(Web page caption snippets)
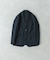 『セットアップ対応』『マシンウォッシャブル』CLEAN DYE TWILL JACKET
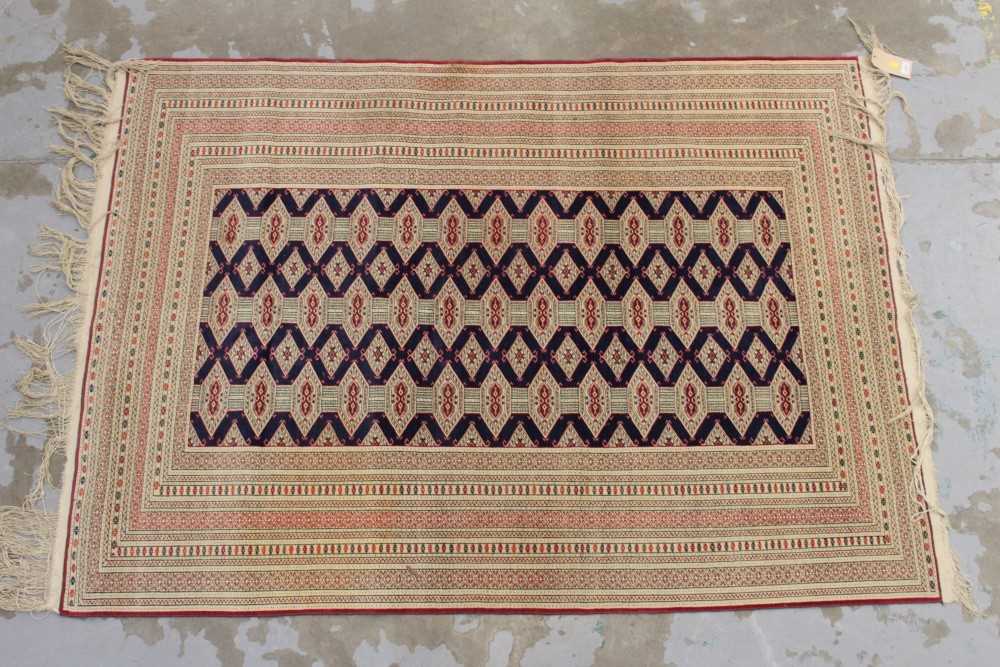 Lot 1414 - Afghan style rug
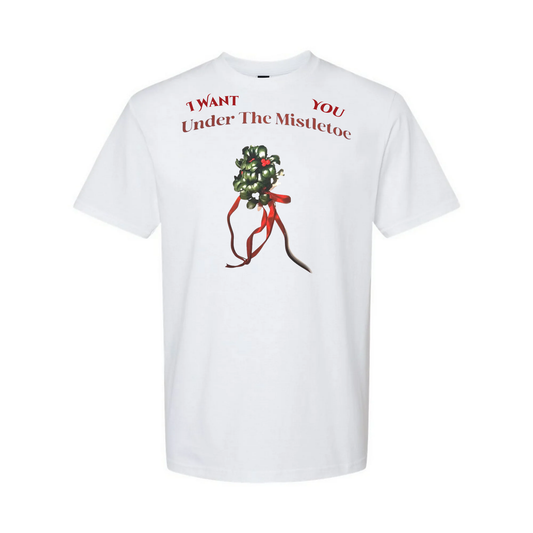 I Want You Under The Mistletoe
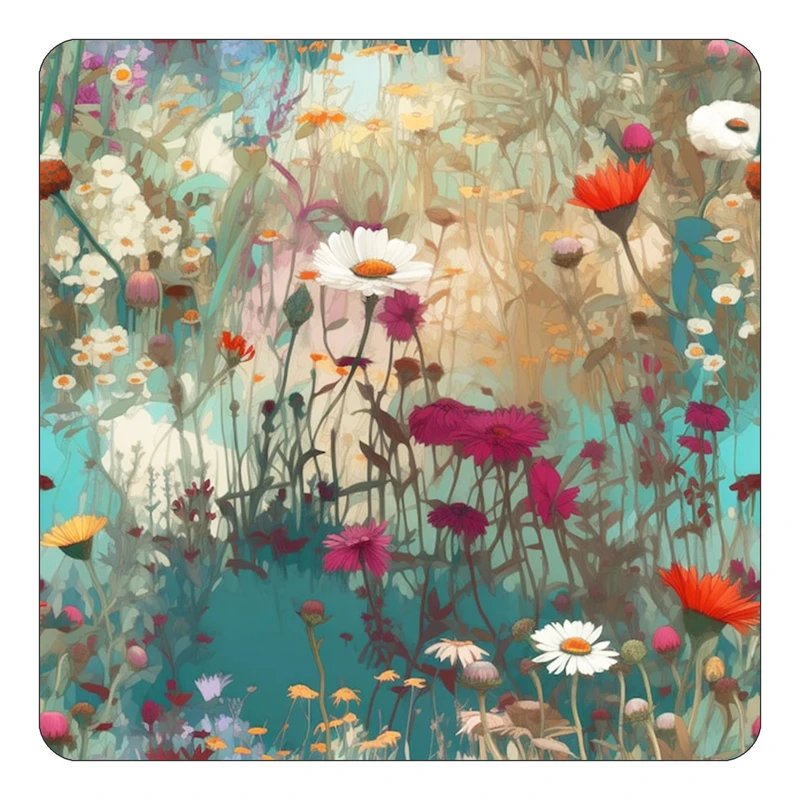 مگنت کاکتی طرح نقاشی رنگ روغن مدل mp71319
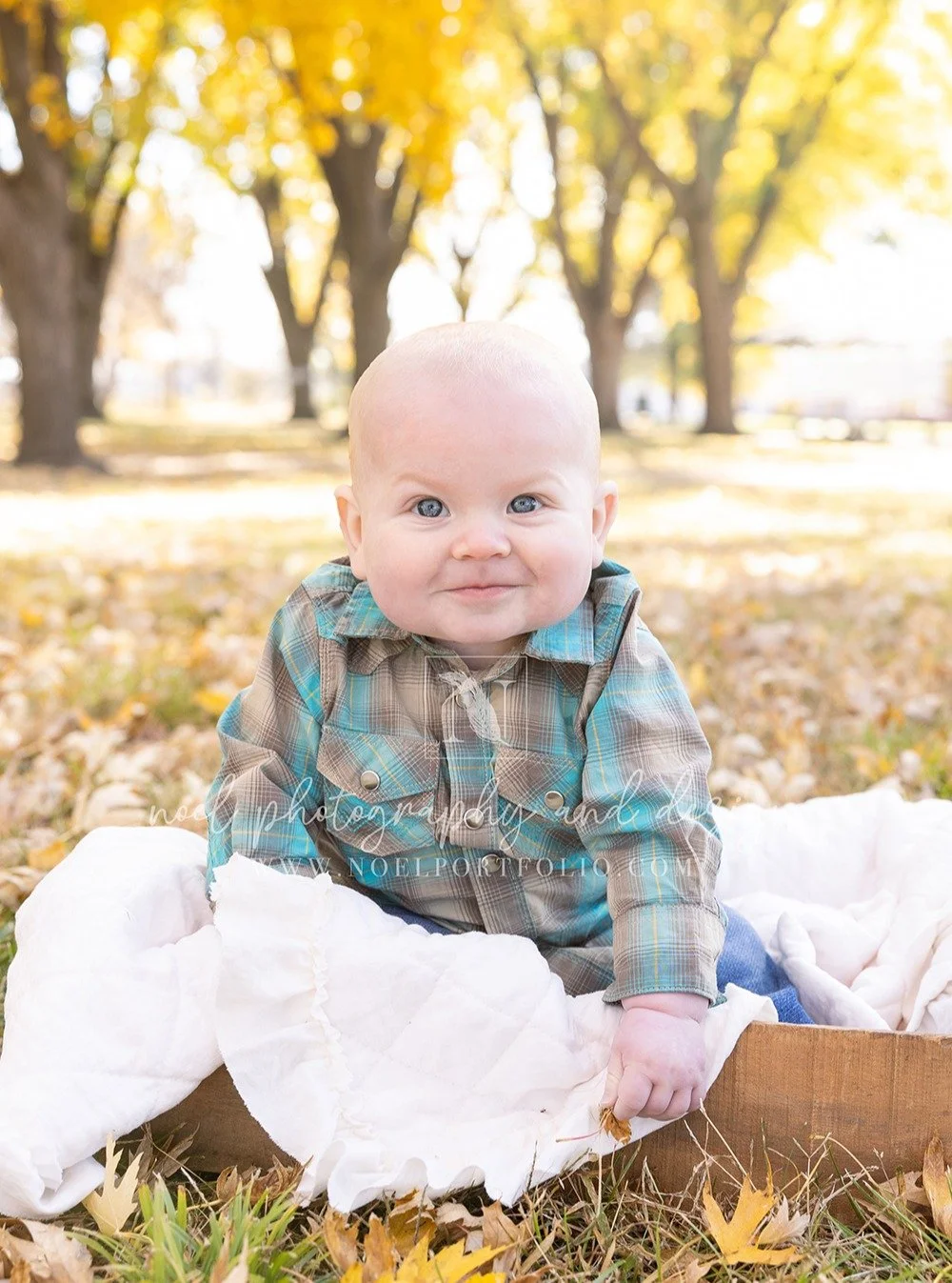 Tiny Blane celebrated his 6-month milestone playing in the leaves. He was such a trooper through the chilly weather. 🥹🍂 It felt like we had to wait so much longer for the trees to change this year. Then in just a couple weeks I'm racing to catch th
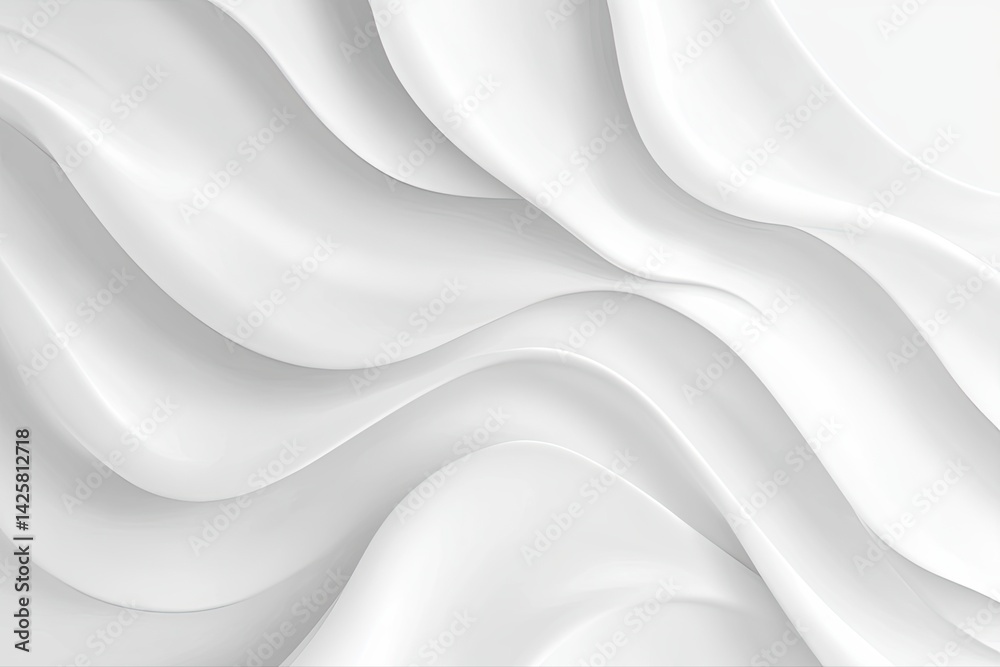 Abstract White Wave Background Texture Abstract White Wave Background Texture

**WHAT THE EXERCISE ASKS**
Retype each entry above character for character; pictures stay out.

**ANSWER TO THIS EXERCISE**
 『セットアップ対応』『マシンウォッシャブル』CLEAN DYE TWILL JACKET
 Lot 1414 - Afghan style rug
 I Want You Under The Mistletoe
 مگنت کاکتی طرح نقاشی رنگ روغن مدل mp71319
 Tiny Blane celebrated his 6-month milestone playing in the leaves. He was such a trooper through the chilly weather. 🥹🍂 It felt like we had to wait so much longer for the trees to change this year. Then in just a couple weeks I'm racing to catch th
 Abstract White Wave Background Texture Abstract White Wave Background Texture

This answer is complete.